PRODUCT NEWS

2010Culinary Schools Information

  • 1 . Scottish Hospitality Students Receive Hardship and Scholarship Fund

  • The Hospitality Industry Trust (HIT) Scotland has announced a £100,000 bursary fund to help hospitality and catering students at Scottish colleges and universities.
    A total of 28 hospitality and catering course providers have access to a new bursary scholarships scheme to reward promising students plus an annual hardship fund, which has helped nearly 10,000 students over the past 16 years.
    The bursary scholarships have been introduced to broaden the horizons of Scottish students.
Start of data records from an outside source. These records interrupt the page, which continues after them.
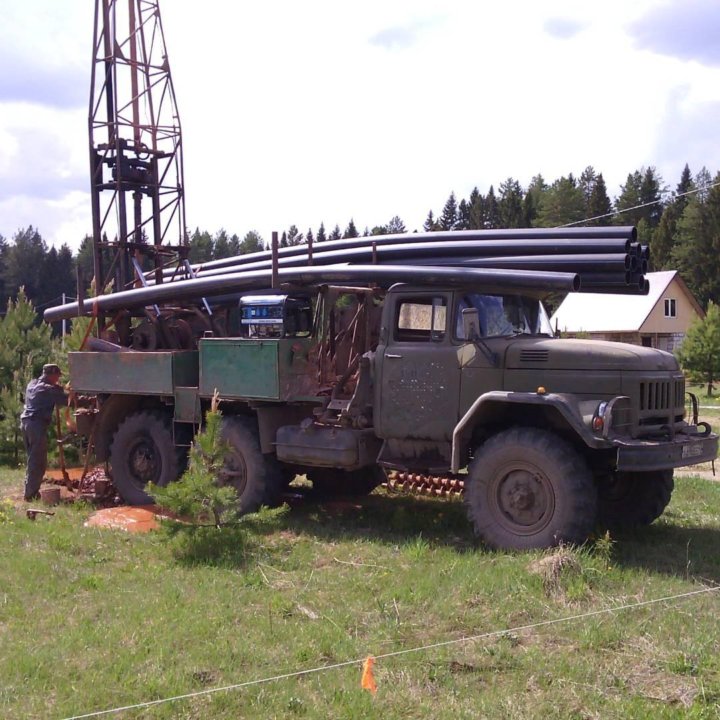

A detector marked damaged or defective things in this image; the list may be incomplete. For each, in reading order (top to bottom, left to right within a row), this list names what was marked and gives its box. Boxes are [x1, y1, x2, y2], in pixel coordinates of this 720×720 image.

rusty metal frame [88, 0, 186, 312]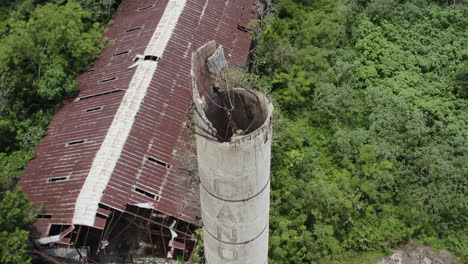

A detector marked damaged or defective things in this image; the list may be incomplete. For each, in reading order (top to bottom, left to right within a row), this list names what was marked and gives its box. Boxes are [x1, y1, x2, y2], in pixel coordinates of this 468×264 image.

rusty corrugated metal roof [17, 0, 256, 237]
rusted metal sheet [18, 0, 258, 240]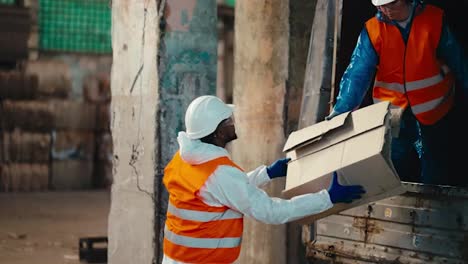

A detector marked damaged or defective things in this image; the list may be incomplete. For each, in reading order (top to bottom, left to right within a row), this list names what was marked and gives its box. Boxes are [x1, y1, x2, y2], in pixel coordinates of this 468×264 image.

rusty metal bin [306, 183, 468, 262]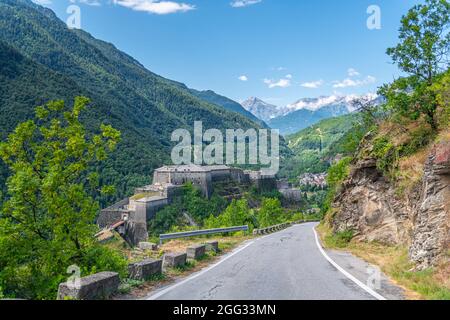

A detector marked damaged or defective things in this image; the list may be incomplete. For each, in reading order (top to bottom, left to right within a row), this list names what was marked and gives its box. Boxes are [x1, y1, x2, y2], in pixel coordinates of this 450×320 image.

cracked asphalt surface [148, 222, 404, 300]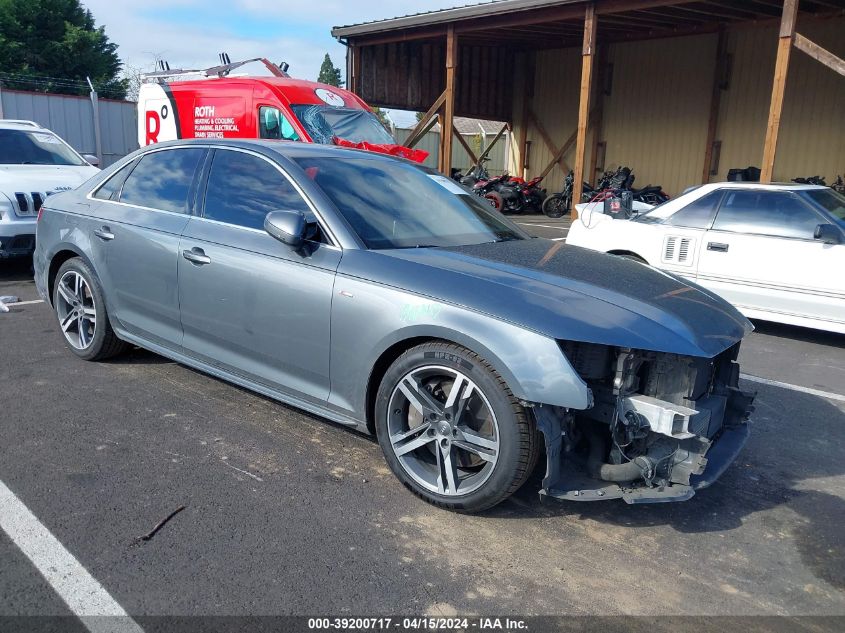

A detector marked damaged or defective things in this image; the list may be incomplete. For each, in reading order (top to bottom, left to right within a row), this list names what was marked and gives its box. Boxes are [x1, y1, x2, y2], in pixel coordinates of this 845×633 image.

damaged front end of car [532, 340, 756, 504]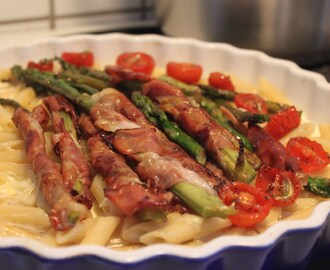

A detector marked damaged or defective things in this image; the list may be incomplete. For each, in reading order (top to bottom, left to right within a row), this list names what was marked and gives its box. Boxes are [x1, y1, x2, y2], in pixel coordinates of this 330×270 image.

  • 2 . Food safety qualifications launched to avoid kitchen blunders

  • National qualification provider NCFE has launched two new food safety qualifications to help develop and ensure best practice in the catering industry.
    NCFE’S newly launched Level 2 Award in the Principles of Practical Food Safety for Catering and its Level 3 Award in the Principles of Practical Food Safety Supervision for Catering, are designed to ensure best practice and optimum health and safety procedures when handling and serving food.
    Learners can benefit from developing the skills and knowledge needed to enter the hospitality and catering sector and are also ideal for those already employed in the industry who wish to gain a nationally recognised qualification.
    Courses explore the methods of storage, preparation, cooking, handling and serving food safely, in line with good practice and food safety legislation. Units also cover the importance of risk assessment and pest control within catering environments.
    The Level 3 Award additionally teaches the skills required for supervisory roles, such as food safety management procedures, monitoring good hygiene practice, training staff, communication and ensuring compliance and implementation of legislation and procedures.
    Learners who achieve the new qualifications can progress onto further courses, such as Level 2 and 3 qualifications in Hospitality and Catering.
    Visit www.ncfe.co.uk for more information.
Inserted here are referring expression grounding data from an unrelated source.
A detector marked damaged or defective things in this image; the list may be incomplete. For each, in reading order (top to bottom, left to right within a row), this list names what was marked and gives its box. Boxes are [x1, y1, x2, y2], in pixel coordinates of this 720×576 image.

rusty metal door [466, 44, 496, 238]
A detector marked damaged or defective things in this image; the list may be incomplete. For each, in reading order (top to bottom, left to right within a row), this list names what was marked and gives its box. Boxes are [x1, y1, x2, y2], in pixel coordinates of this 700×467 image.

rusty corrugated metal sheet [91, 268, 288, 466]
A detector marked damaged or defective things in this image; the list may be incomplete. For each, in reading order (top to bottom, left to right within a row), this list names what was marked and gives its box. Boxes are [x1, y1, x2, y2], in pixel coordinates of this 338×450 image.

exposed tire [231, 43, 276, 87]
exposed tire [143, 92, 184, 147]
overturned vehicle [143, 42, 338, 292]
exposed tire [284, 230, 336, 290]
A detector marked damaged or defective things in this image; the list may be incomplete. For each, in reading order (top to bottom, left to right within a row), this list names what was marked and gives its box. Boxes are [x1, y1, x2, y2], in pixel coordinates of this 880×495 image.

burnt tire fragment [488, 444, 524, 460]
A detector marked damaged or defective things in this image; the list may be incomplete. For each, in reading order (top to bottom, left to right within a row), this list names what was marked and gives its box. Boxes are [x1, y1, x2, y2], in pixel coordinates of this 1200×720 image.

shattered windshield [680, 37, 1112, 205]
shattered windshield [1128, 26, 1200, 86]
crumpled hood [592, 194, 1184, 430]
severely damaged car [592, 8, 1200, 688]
  • 3 . A bigger school food policy

  • The latest figures released on the take-up of school meals in England made disappointing reading both for the government and for those directly responsible for school catering. More worrying though were the warnings that the strict nutrition content guidelines now extended to secondary schools will only make things harder, reducing choice and adding to the decline.
    None of us can argue that high nutritional standards and sustainable procurement are not the right way to go but the “healthier option” label is of little incentive if the pupils do not like the food and the variety on offer is diminished by adherence to the rules.
    Despite the abundance of guidance aimed at catering managers and governing bodies, some food manufacturers are now arguing that many schools do not have the scope or skills to address the whole life sustainability of their meal provision without compromising the quality. One manufacturer, the Manchester Rusk Company (MRC), believes it is the suppliers, producers and manufacturers who should now be taking the lead.
    “It is not just about educating the buyers and catering staff that to achieve longer term, whole life value for money, food procurement needs to be sustainable” explained Stewart Niven Commercial Controller of MRC. “We believe that it is up to us as manufacturers to prove our products are nutritionally, environmentally and financially viable in order to simplify the procurement and menu design system for the schools and provide meals that the children want to eat.”
    The difficulty for MRC is that how meat is reared and gets to the table is a far more auditable narrative than the production, processing and transport impact of the sauces and seasonings that hold a meal together. In the wealth of guidance available there is little advice to manufacturers on their responsibilities as part of the supply chain and schools do not have the resources to undertake a detailed and time consuming analysis.
    Both the Public Sector Food Procurement Initiative and the Sustainable Schools Initiative have put enormous pressure on schools to demonstrate that their food procurement is in line with official policy. But the “sustainability” of food is notoriously complex and difficult to measure and many schools do not have the resources to police their own supply chains. Reconciling efficiency and sustainability in school catering cannot be managed without support from manufacturers providing products that already take account of environmental, social and economic factors.